Here are short summaries of the projects I was a part of during my Ph.D. Expect a mix of algebraic topology, graph theory, and evolutionary biology.

It’s all about how DNA is scrambled
Oxytricha trifallax is a model organism for genome rearrangement. Each cell contains two types of nuclei: macronoclei (MAC) where DNA is ready to be transcribed and micronuclei (MIC) where the same information is stored but each gene (*ahem*, contig) has been separated into segments that may appear out of order or in reversed orientation. During reproduction, the MAC is destroyed and regenerated from the MIC. The work here models DNA strands in the MIC by labeling the ends of segments that will join together (pointers). These can be identified in as short repeat sequences that appear twice in the MIC, of which only one copy is retained in the MAC.
Prodsimplicial cell complexes on directed graphs
One way to model the recombination process is through deletions of patterns in words on the alphabet of pointer labels.
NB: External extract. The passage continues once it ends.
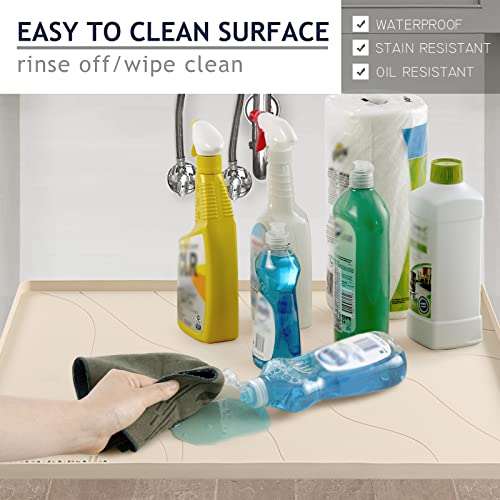 Heavy Duty Silicone Under Sink Mats for Kitchen Waterproof 25" x 22", Extra Thick Under Sink Rubber Mat Drip Tray, Raised Edge Under Sink Liner,Prevent Drips, Leaks, Spills,Taupe - color: Beige, size: 25'' x 22'' x 1''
If we use these words as vertices and connect them when a pattern deletion leads from one to the other, the level of scrambling can be quantified through homology groups on a complex built on the graph.
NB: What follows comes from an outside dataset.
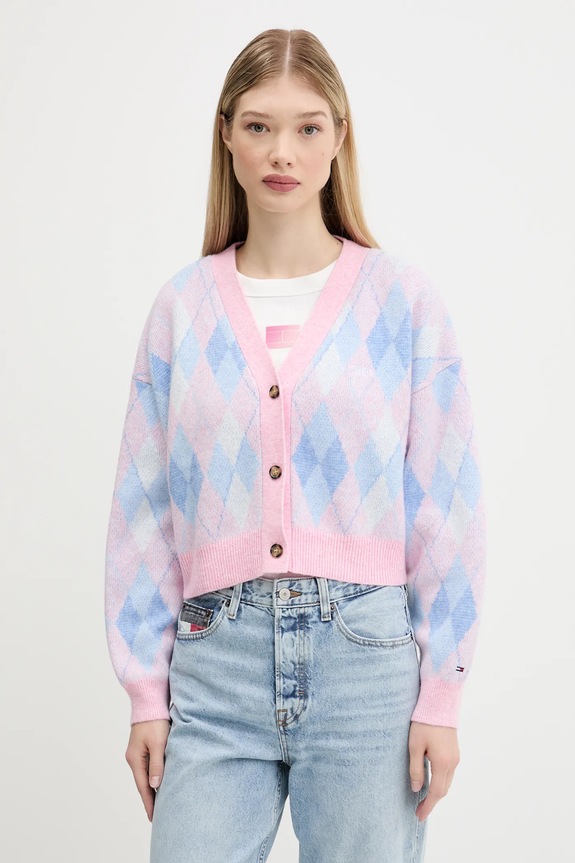 Πλεκτή ζακέτα Tommy Jeans άλλο μπλε DW0DW21180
Prodsimplicial cells are defined through the Cartesian product of directed simplices, and I study the homology groups for families of graphs using this as the foundation for a new cell complex. In this complex, parallel paths of length two are identified, as well as two step reductions parallel to single step reductions. The holes that remain after endowing the graph wireframe with the prodsimplicial cells correspond to different reduction pathways: the more pathways are possible between one word and the empty word, the more scrambled the segments that word models is.
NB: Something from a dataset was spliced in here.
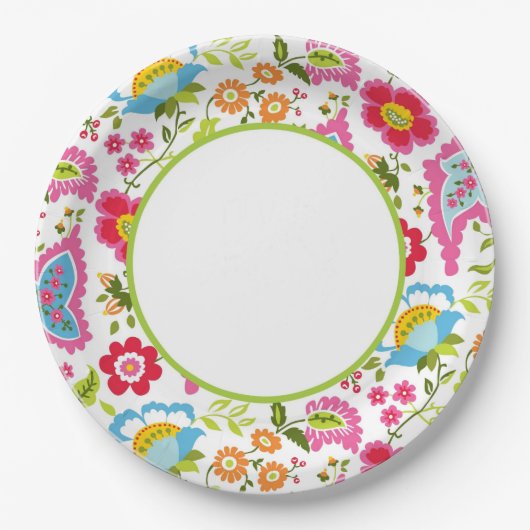 Monogram Floral Papieren Bordje (Voorkant)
You can learn more about this project on its GitHub repository.
Counting gene segment arrangements
A single DNA strand may encode different genes, so the model above is in fact a simplified one. It is of interest whether some multiple-gene arrangements are more prevalent than others. Samples of observed arrangements can be compared to those that are theoretically possible. As a generalization of DOWs, reduction rules and rearrangement complexity measures can also be defined to determine whether properties of legal strings are suitable invariants to analyze genomes.
Cryptic pointers and DNA circularization
It has been experimentally observed that during recombination, portions of Oxytricha trifallax’s genome are excised as circular molecules by Yerlici et al (“Programmed genome rearrangements in Oxytricha produce transcriptionally active extrachromosomal circular DNA,” 2019). Since pointers guide the process of joining gene segments, the DNA sequences in a neighborhood of the circles’ start and end position were examined for repeat sequences (cryptic pointers). With the help of python scripts, the longest common substrings within some window of the endpoints were obtained under varying conditions simulating different models for cyclization and allowed errors in the repeats.